#### Work instruction
Extract, exactly as written, the line that contains "Apples chips, slices" and all lines after it through the end of the records. Omit pictures.

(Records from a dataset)
- - -

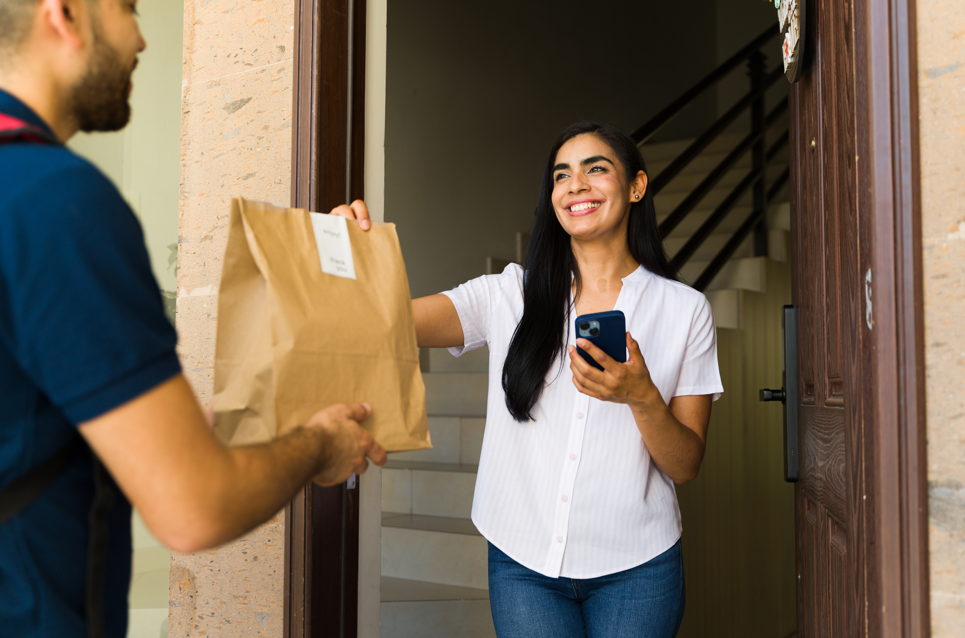 Woman accepting bag of food delivery at her front door.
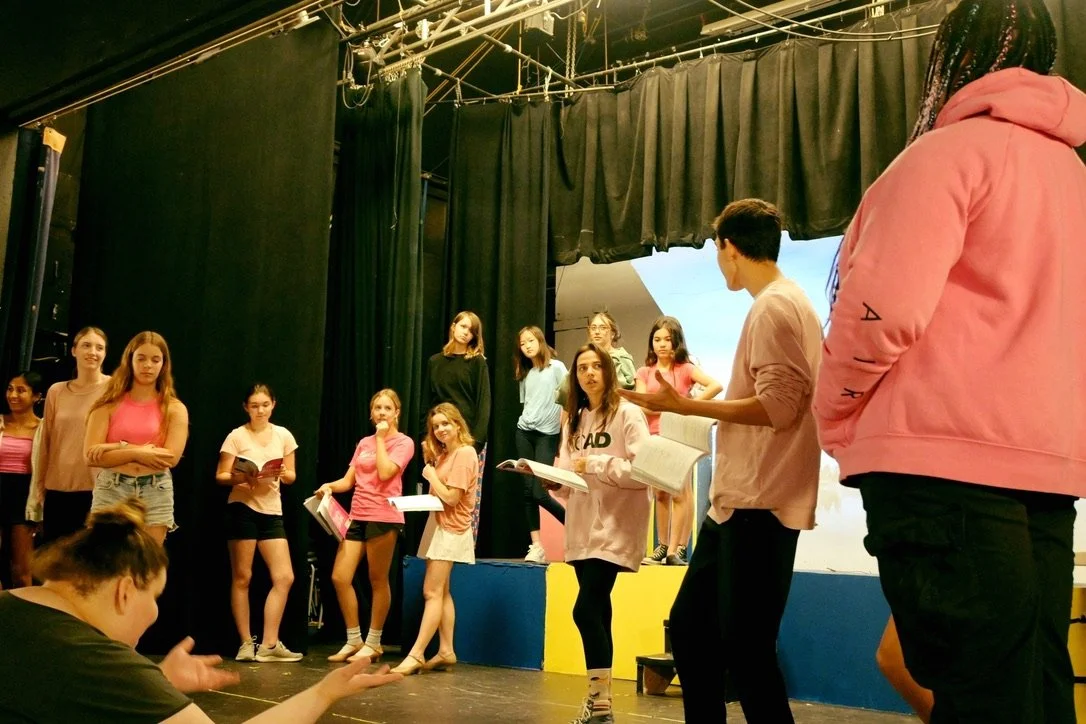 A group of young students on stage during a rehearsal or class, with some standing on risers and others in front, holding scripts or notebooks, and one girl in front appears to be reading aloud.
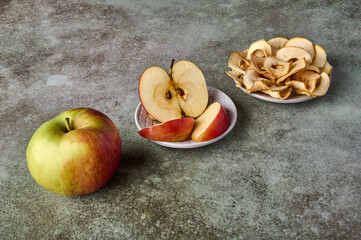 Apples chips, slices and apple fruit on rustic wooden background. Perspective view, selective focus
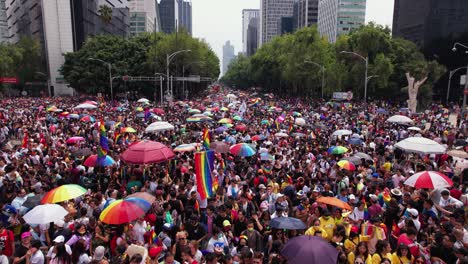 Aerial-view-over-a-large-crowd-of-people-celebrating-pride-on-the-streets-of-Mexico-city---rising,-drone-shot
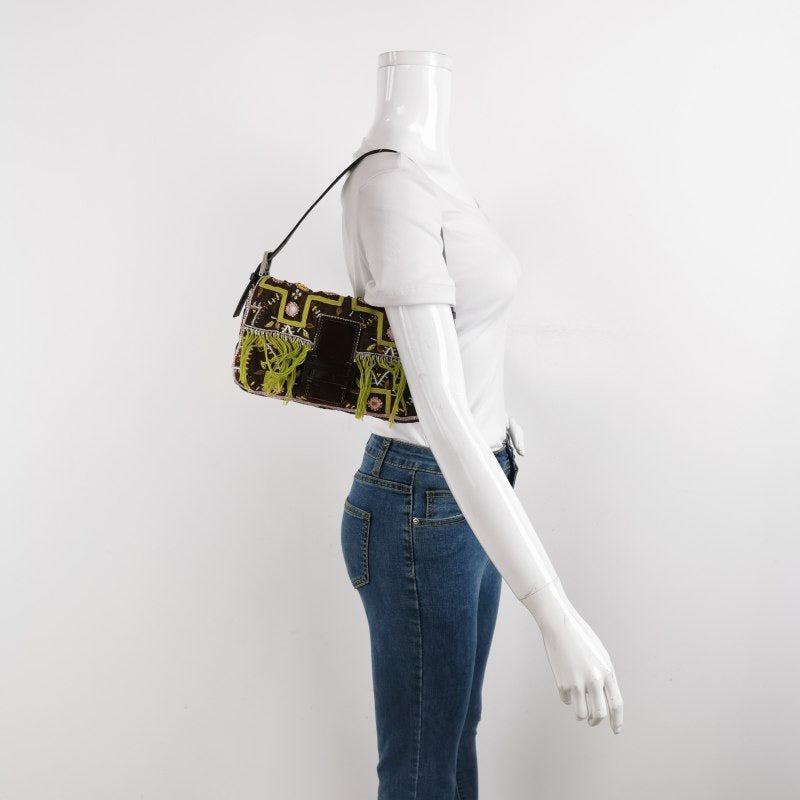 Fendi Baguette Vintage Brown Canvas with embroidery sequins mirrors and tassels

  This rare vintage Fendi Baguette is made of Brown Canvas/cotton material, adored with pink and green embroidery, sequins, mini mirrors and green tassels. 
 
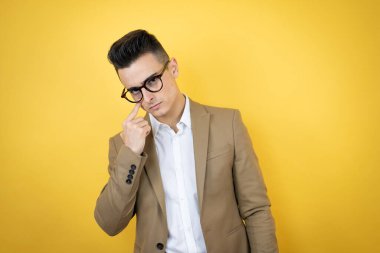İzole edilmiş sarı arka planda genç bir iş adamı. Gözünü dikip jestini izliyor. Şüpheli bir ifade.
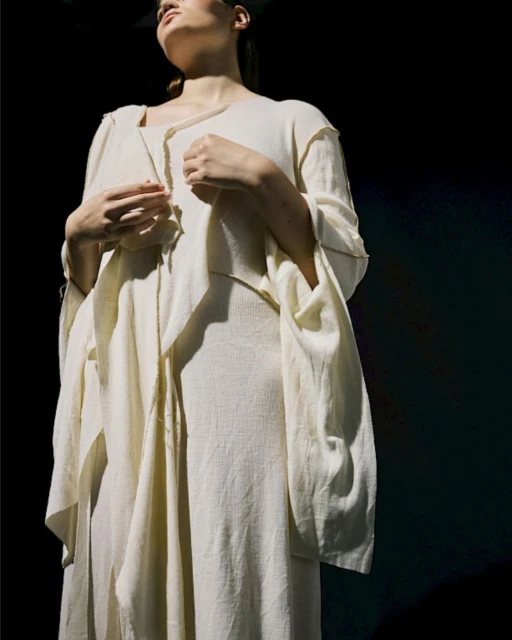 Fashionable woman in flowing beige dress, standing in a dimly lit setting with a mix of direct and diffused light creating soft shadows.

- - -

#### Exercise result
 Apples chips, slices and apple fruit on rustic wooden background. Perspective view, selective focus
 Aerial-view-over-a-large-crowd-of-people-celebrating-pride-on-the-streets-of-Mexico-city---rising,-drone-shot
 Fendi Baguette Vintage Brown Canvas with embroidery sequins mirrors and tassels

  This rare vintage Fendi Baguette is made of Brown Canvas/cotton material, adored with pink and green embroidery, sequins, mini mirrors and green tassels. 
 
İzole edilmiş sarı arka planda genç bir iş adamı. Gözünü dikip jestini izliyor. Şüpheli bir ifade.
 Fashionable woman in flowing beige dress, standing in a dimly lit setting with a mix of direct and diffused light creating soft shadows.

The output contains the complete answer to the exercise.